* The task
From the listing below, reproduce exactly the lines starting with the one with "西安市航天城第三初级中学举行新教师成长汇报课(图12)" and going on through the one with "Snapshot of DULCE1609", both ends kept. No picture is copied.

* Record excerpts
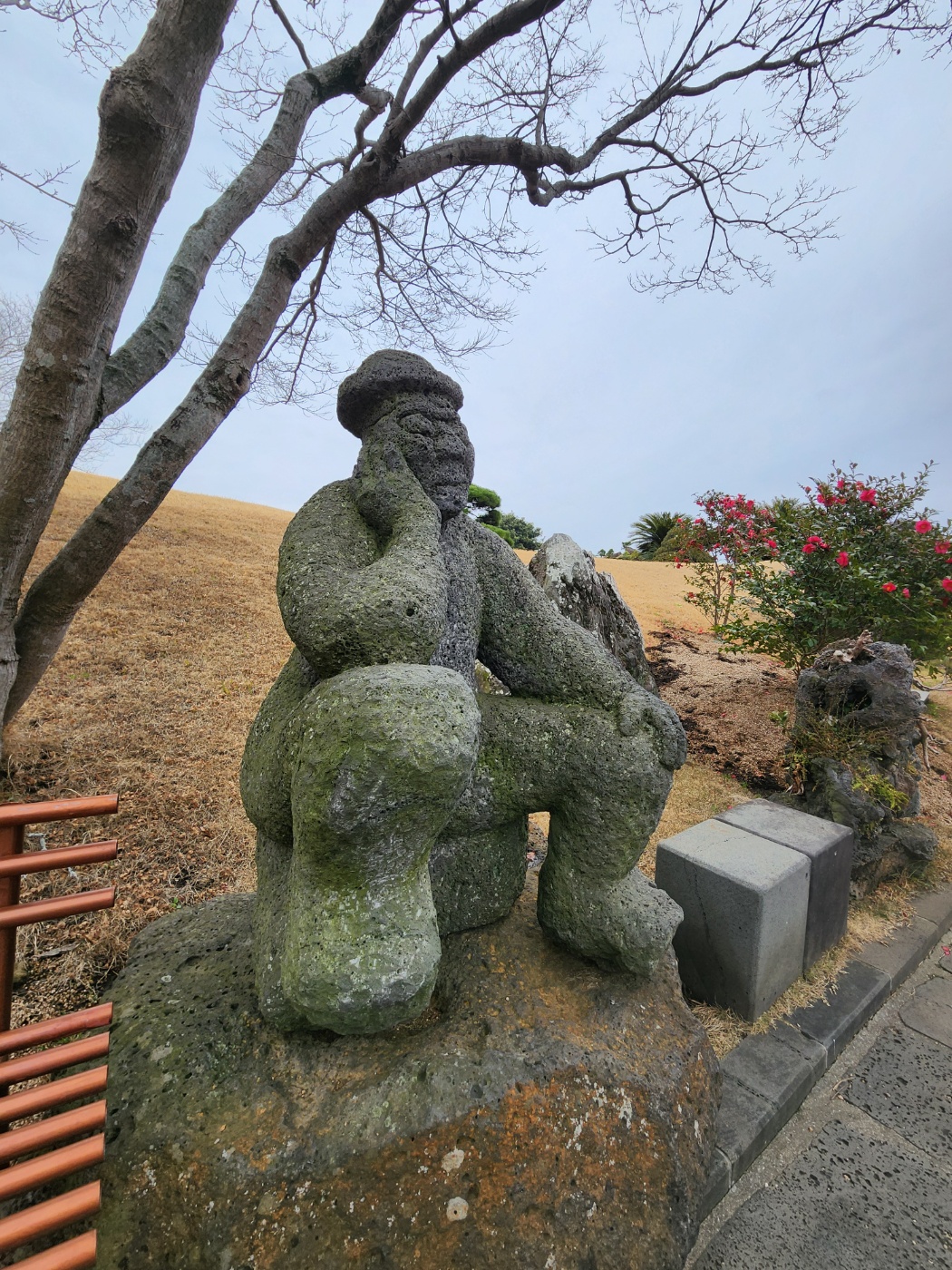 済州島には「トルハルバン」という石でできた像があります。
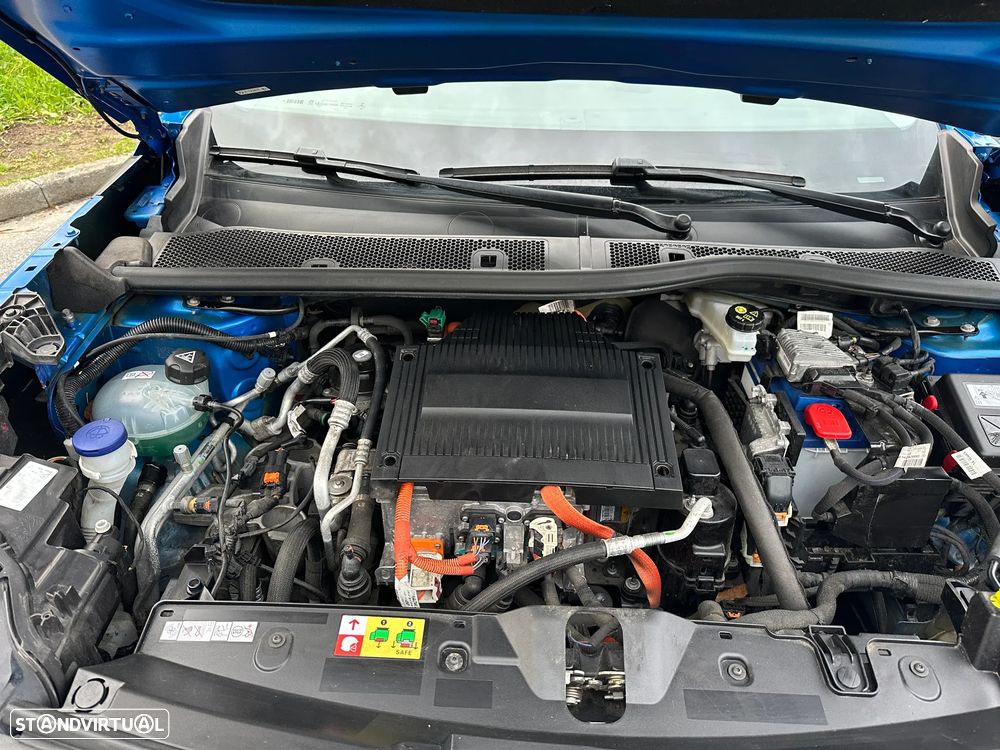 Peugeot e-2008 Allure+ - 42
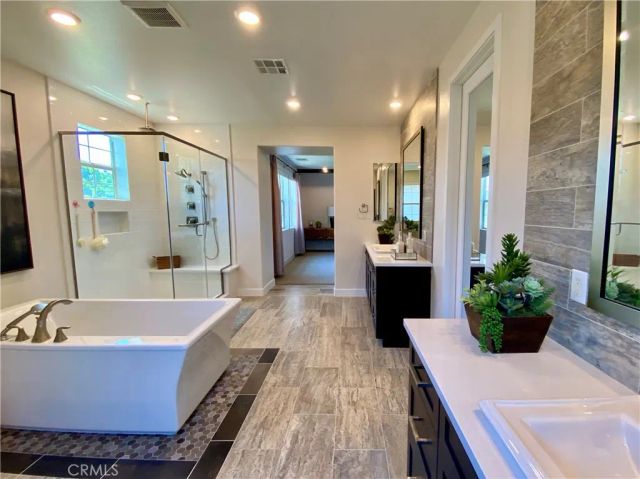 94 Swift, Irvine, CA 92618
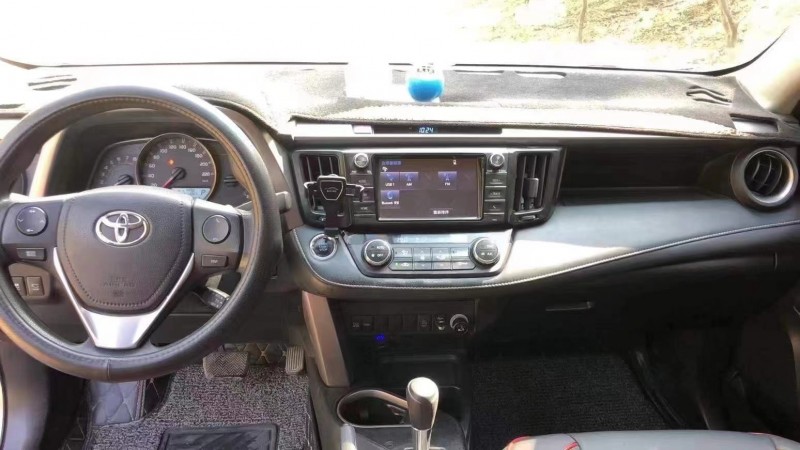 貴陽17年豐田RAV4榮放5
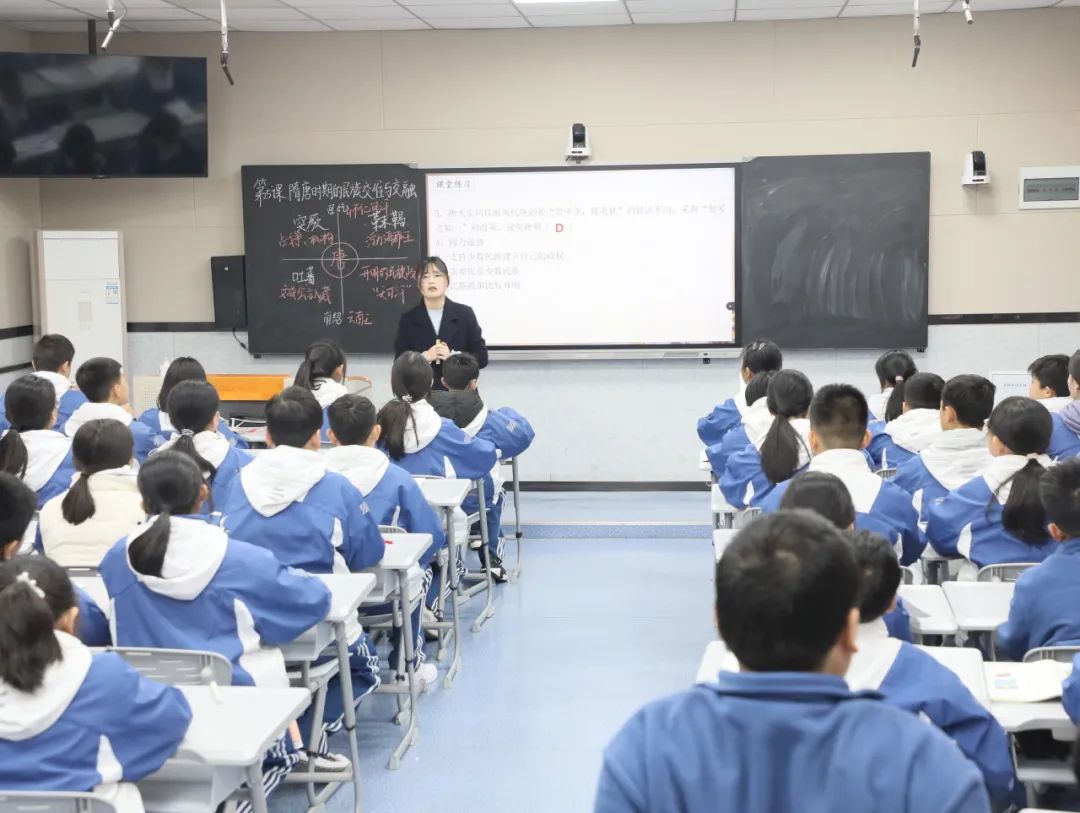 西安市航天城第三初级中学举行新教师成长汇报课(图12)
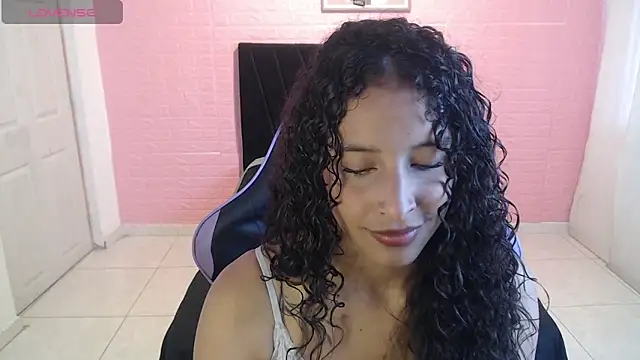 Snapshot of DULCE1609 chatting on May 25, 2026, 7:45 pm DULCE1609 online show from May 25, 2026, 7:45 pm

==

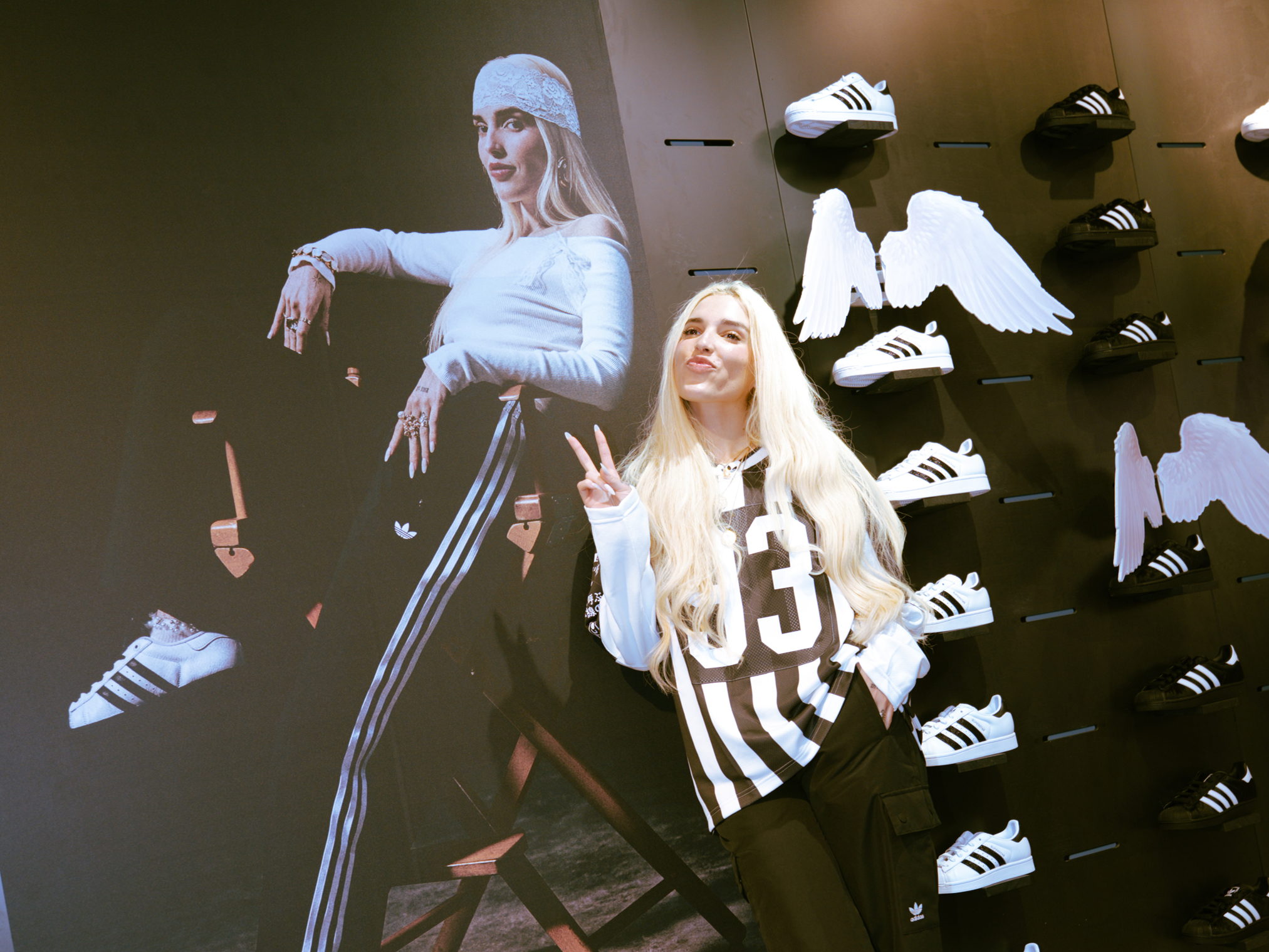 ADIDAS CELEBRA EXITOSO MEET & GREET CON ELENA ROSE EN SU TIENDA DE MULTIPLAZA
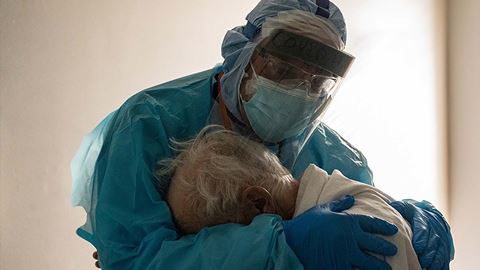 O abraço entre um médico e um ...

* Your response
 西安市航天城第三初级中学举行新教师成长汇报课(图12)
 Snapshot of DULCE1609 chatting on May 25, 2026, 7:45 pm DULCE1609 online show from May 25, 2026, 7:45 pm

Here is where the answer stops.